Jan 9th.
Today's training.
warmup with jump rope, Indian clubs and body weight exercises.
"Bear complex" with a 2" fat bar.: deadlift, upright row, powerclean, push press, for 6 reps for 4 sets. I like the fat bar for grip strength and racks well.
21,15,9 reps for time.
Dumbell trusters (off box)
Burpees (suck as always)
8:40min
5 sets of kettlebell push jerk with 24 and 28kg.
5 sets of kettlebell floor press with 32kg.

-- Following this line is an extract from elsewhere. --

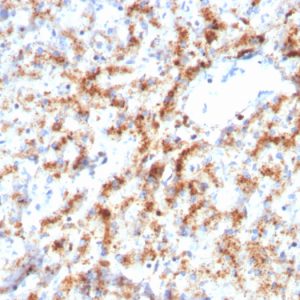 Formalin-fixed, paraffin-embedded human liver stained with Cathepsin D Mouse Monoclonal Antibody (CTSD/3082).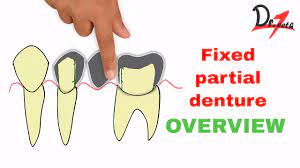 fixed partial denture overview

There is a ever increasing number of people using kettlebell in their fitness programs. Some however, try to do mostly all of their exercise using the kettlebells as a one-size-fits-all-tool. Now there is nothing wrong with that, but you can't in good conscience, promote the kettlebell or make grand promotional statements, that is will make you totally fit and free from excess body fat.
First, fitness as a concept has never really been defined so it is all things to all people as they perceive. So to say that all you have to do to be fit and burn fat, is to use kettelbells, with a few exercises is hard to validate. Even for GPP, you really need a number of exercises that the kettlebell is not suited for or can not be used. Therefore anyone using kettlebell for general fitness, sport development, tactical enhancement, has to use the kettlebell in the context it was really intended; predominately ballistic, strength endurance, in a timed sequence.